The U.S. Drought Monitor says the area is experiencing "exceptional" drought, the agency’s most severe ranking.
“My dad's 93, and he told me he'd never seen a drought this bad in the county,” said San Juan County Commissioner Bruce Adams. “I've talked to several other older ranchers who have confirmed the same thing: It's never been this bad.”
Water restrictions mean lawns have already died, just like the range.
“All of the grass the animals try to graze is brown and looks dead — none of it's green,” said Adams, who’s also a rancher. “Some ranchers are ordering hay from Idaho because there is none.”
Adams said there was so little runoff that reservoirs are low and stock ponds are dry. He said ranchers are running thousands of gallons of water out to their stock each day to keep them alive.

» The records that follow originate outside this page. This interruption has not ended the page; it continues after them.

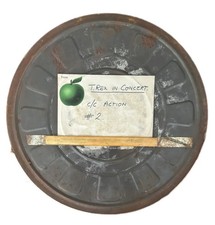 The Beatles Apple Films Ltd Used tin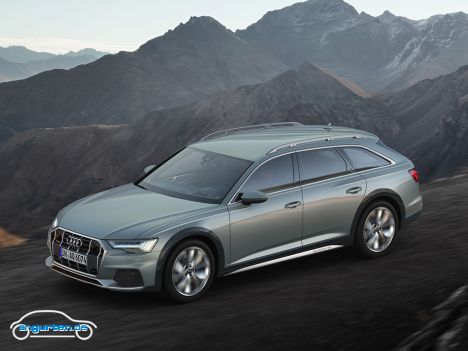 Audi A6 allroad quattro 2020 - Bild 14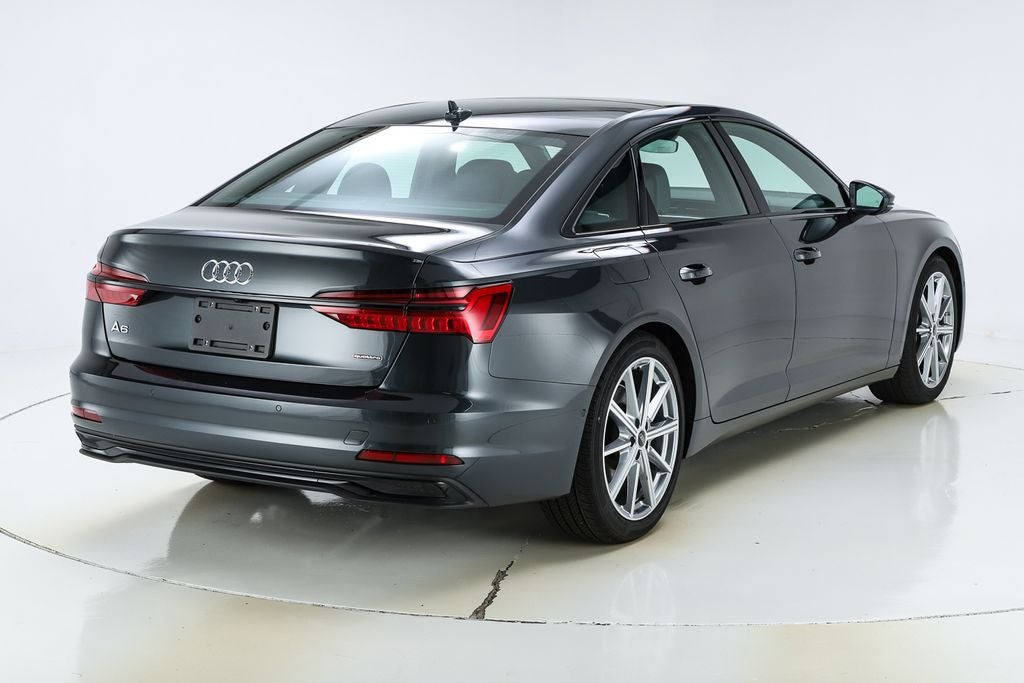 2025 Audi A6 45 Premium quattro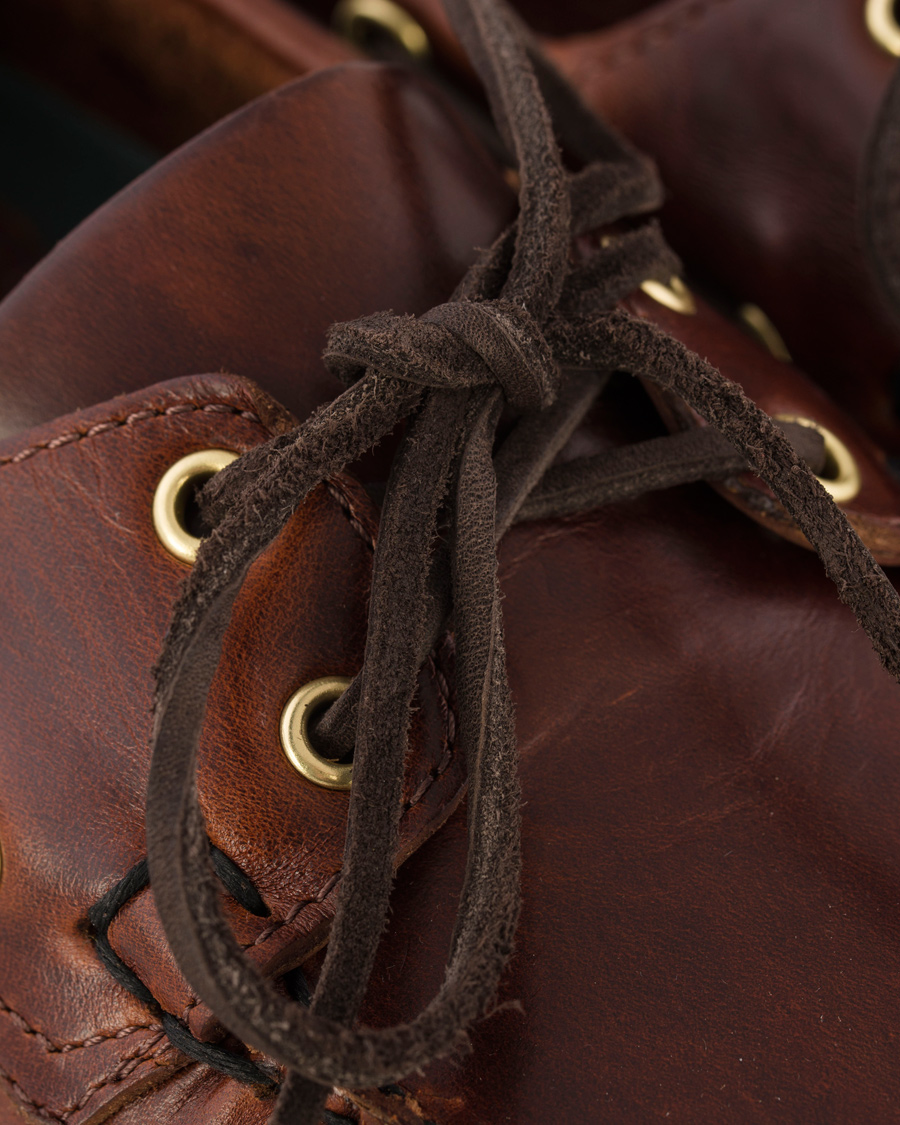 Herre | Sebago Endeavor Boat Shoe Brown | Sebago | Endeavor Boat Shoe Brown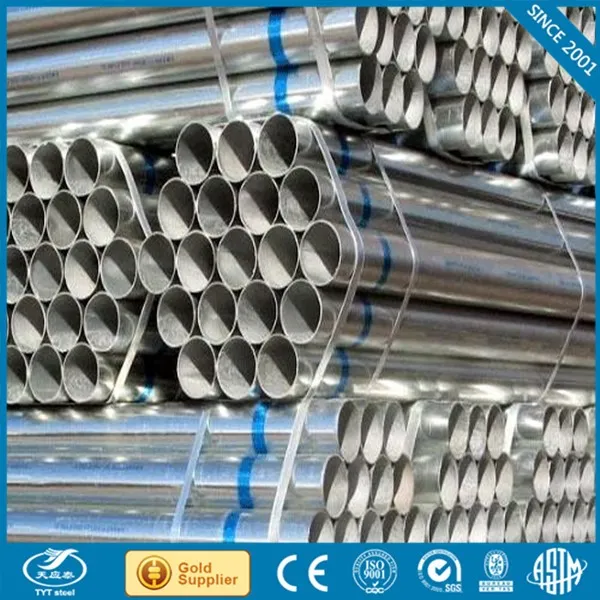 The Best Quality and Price Hot Dipped Galvanized Steel Pipe for Scaffolding Material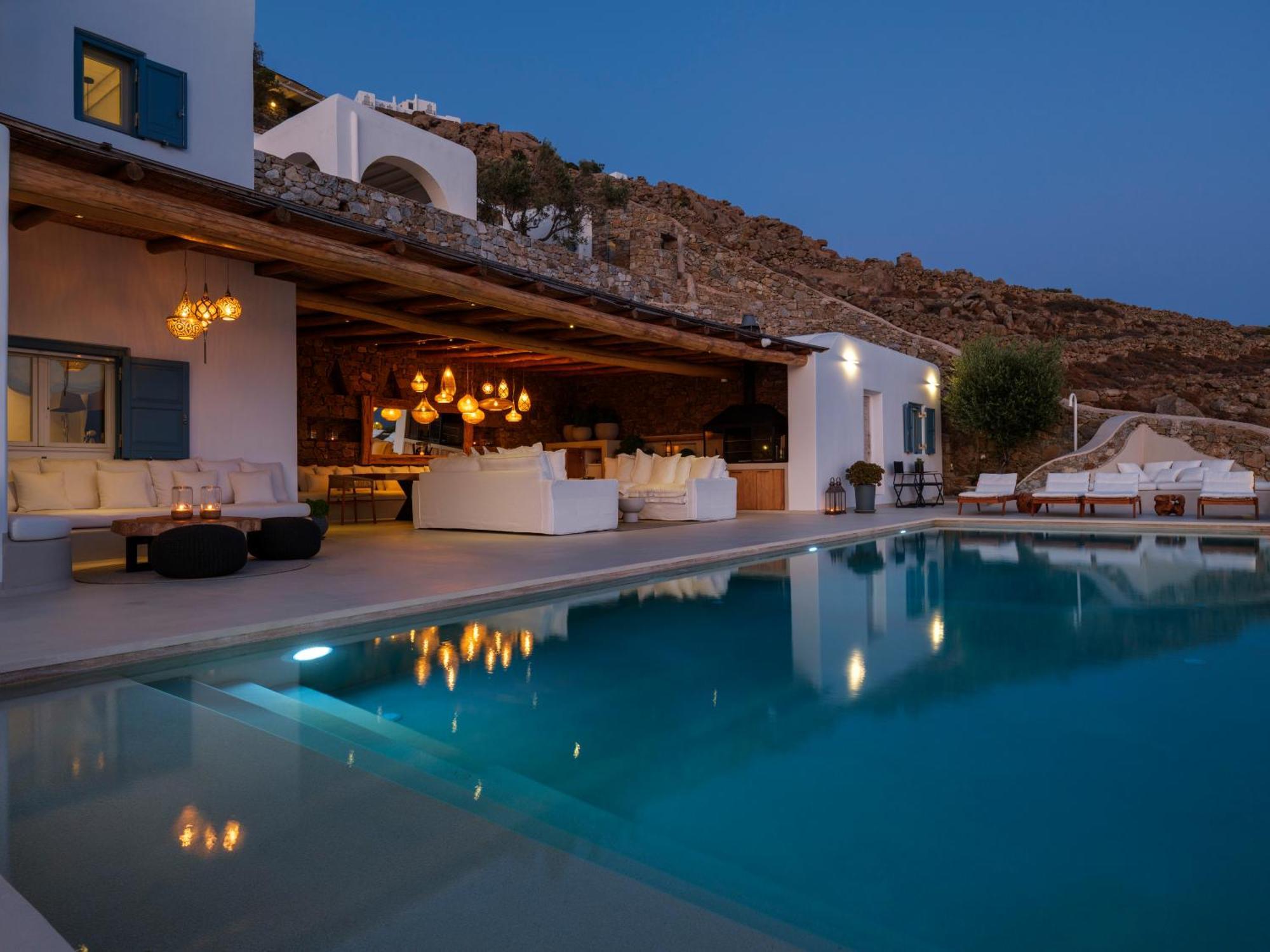 אורנוס V&V Guest House - Luxury Suites מראה חיצוני תמונה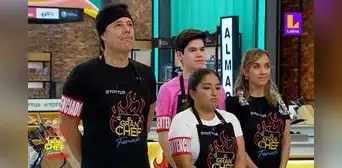 Milene Vázquez, Josi Martínez, Rocky Belmonte y La Herbolaria pasan a noche de eliminación Milene Vázquez, Josi Martínez, Rocky Belmonte y La Herbolaria pasan a noche de eliminación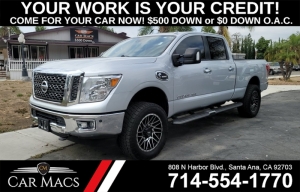 2016 Nissan Titan XD Photo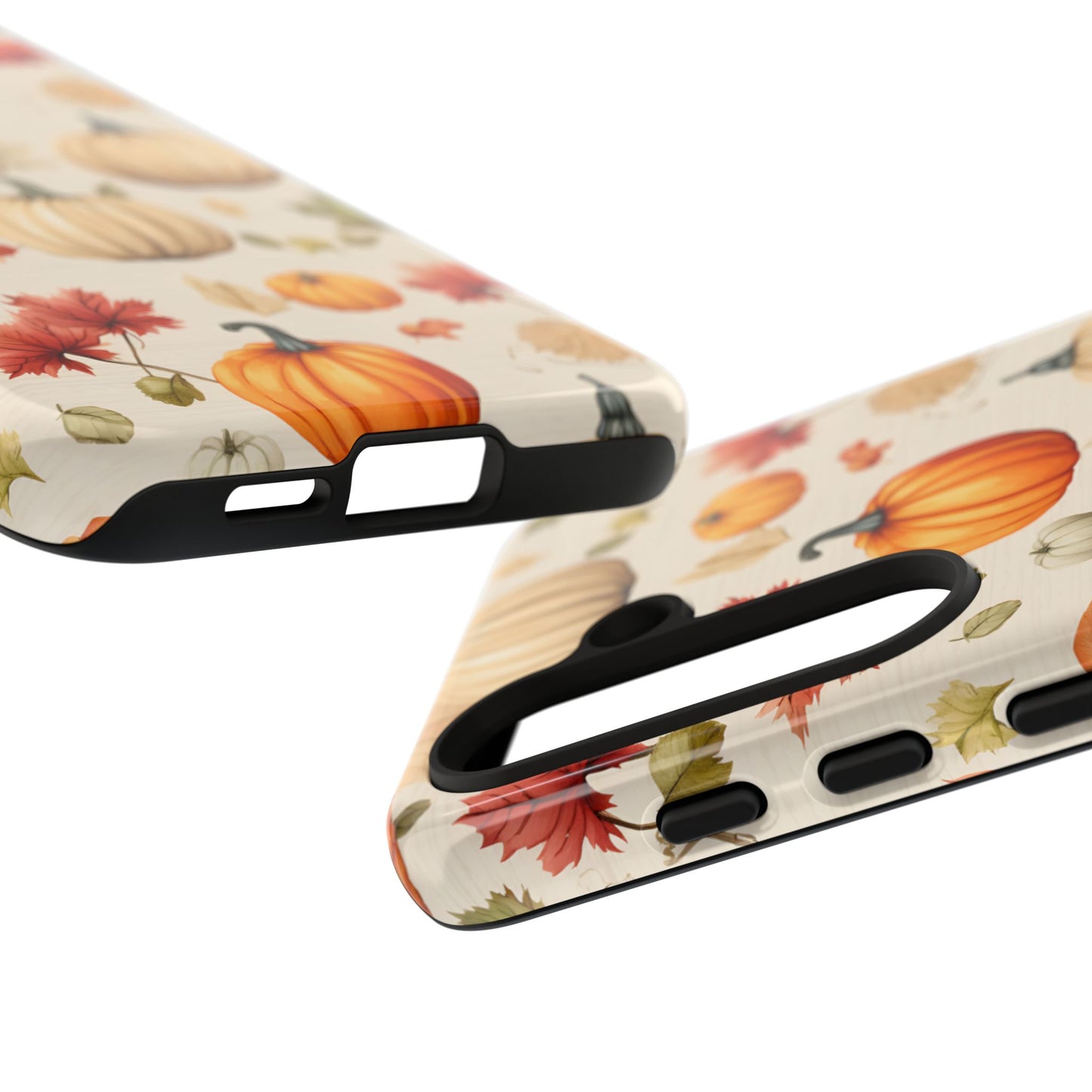 Pumpkin Patch Paradise Samsung Galaxy Case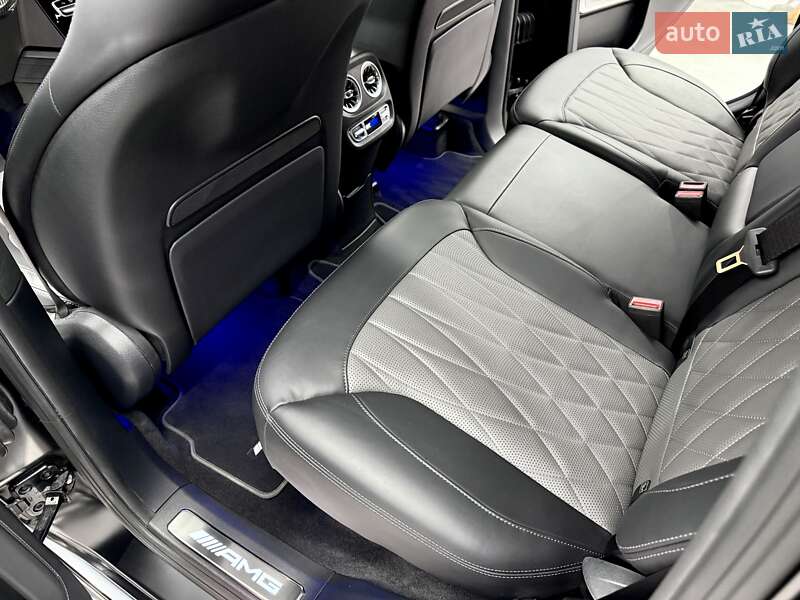 Внедорожник / Кроссовер Mercedes-Benz G-Class 2019 в Киеве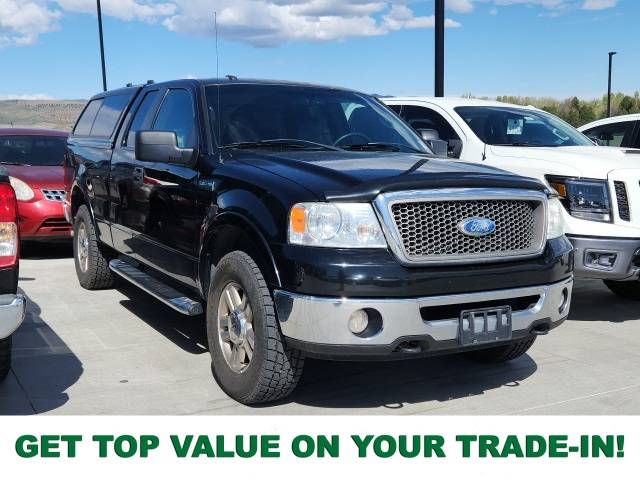 2008 Ford F-150 Lariat — Pickup Truck — 176,731 mi — Ft Collins, CO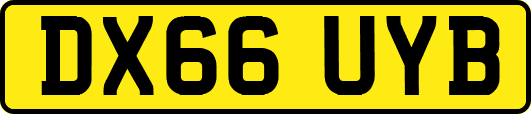 DX66UYB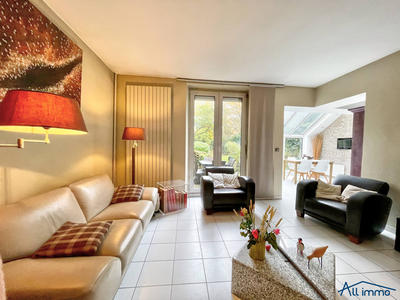 Maison ancienne - 180 m² - 6 pièces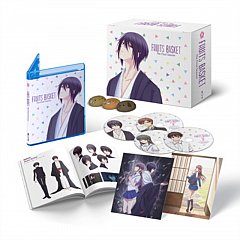 Fruits Basket: Season Three 2021 Blu-ray / with NTSC-DVD (Limited Edition Box Set)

“They're just a line at the well to purchase water every day,” he said, “by people who have water tanks that are hauling water to meet their needs.”
The U.S Agriculture Department’s latest climate report says that the eastern edge of Utah has received just 46% of normal precipitation since October.
Adams noted: “Stock ponds were not filled. And, so, every rancher is hauling thousands of gallons of water a day to try and keep these animals alive.”
County commissioners first declared a disaster in November, and they’ve reaffirmed that position each month since then. The U.S. Agriculture Department, which also recognizes the problem, has declared a primary natural disaster in more than a dozen counties in the Four Corners region.
Adams said San Juan County just needs rain.
“I get on my knees and pray every day but I'm not sure that that's doing the trick yet.”
Just a year ago, conditions were close to normal throughout Utah. The Drought Monitor shows parts of San Juan County were only “abnormally dry.”